To do:
From the first line of the entries below to the line with "Sandlandschaft im Hintergrund Wald", give each line again exactly.

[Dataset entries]
==========

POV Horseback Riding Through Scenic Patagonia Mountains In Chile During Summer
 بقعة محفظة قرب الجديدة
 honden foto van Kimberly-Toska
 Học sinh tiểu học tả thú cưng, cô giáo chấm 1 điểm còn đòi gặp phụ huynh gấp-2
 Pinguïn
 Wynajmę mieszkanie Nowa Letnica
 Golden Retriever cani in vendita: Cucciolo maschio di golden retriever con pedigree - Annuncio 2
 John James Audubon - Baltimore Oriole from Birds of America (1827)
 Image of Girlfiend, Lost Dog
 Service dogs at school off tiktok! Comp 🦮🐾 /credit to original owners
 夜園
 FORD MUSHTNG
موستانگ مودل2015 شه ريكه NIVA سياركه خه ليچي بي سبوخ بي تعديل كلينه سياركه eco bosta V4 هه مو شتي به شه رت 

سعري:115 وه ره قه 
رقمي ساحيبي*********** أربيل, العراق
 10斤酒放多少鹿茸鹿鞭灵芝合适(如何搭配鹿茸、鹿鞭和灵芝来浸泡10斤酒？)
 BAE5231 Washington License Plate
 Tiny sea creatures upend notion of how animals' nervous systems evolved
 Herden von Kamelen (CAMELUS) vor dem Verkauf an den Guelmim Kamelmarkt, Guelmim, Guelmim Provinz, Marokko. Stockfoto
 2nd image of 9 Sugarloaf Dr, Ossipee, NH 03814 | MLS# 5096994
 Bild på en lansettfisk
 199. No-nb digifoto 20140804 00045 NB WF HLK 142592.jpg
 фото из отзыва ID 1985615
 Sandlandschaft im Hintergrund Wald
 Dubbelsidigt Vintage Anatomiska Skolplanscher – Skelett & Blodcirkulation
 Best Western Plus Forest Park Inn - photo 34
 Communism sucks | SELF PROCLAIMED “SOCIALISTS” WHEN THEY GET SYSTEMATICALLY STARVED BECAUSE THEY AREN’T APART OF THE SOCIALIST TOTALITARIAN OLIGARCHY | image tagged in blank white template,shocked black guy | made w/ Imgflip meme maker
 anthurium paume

==========

Final answer:
POV Horseback Riding Through Scenic Patagonia Mountains In Chile During Summer
 بقعة محفظة قرب الجديدة
 honden foto van Kimberly-Toska
 Học sinh tiểu học tả thú cưng, cô giáo chấm 1 điểm còn đòi gặp phụ huynh gấp-2
 Pinguïn
 Wynajmę mieszkanie Nowa Letnica
 Golden Retriever cani in vendita: Cucciolo maschio di golden retriever con pedigree - Annuncio 2
 John James Audubon - Baltimore Oriole from Birds of America (1827)
 Image of Girlfiend, Lost Dog
 Service dogs at school off tiktok! Comp 🦮🐾 /credit to original owners
 夜園
 FORD MUSHTNG
موستانگ مودل2015 شه ريكه NIVA سياركه خه ليچي بي سبوخ بي تعديل كلينه سياركه eco bosta V4 هه مو شتي به شه رت 

سعري:115 وه ره قه 
رقمي ساحيبي*********** أربيل, العراق
 10斤酒放多少鹿茸鹿鞭灵芝合适(如何搭配鹿茸、鹿鞭和灵芝来浸泡10斤酒？)
 BAE5231 Washington License Plate
 Tiny sea creatures upend notion of how animals' nervous systems evolved
 Herden von Kamelen (CAMELUS) vor dem Verkauf an den Guelmim Kamelmarkt, Guelmim, Guelmim Provinz, Marokko. Stockfoto
 2nd image of 9 Sugarloaf Dr, Ossipee, NH 03814 | MLS# 5096994
 Bild på en lansettfisk
 199. No-nb digifoto 20140804 00045 NB WF HLK 142592.jpg
 фото из отзыва ID 1985615
 Sandlandschaft im Hintergrund Wald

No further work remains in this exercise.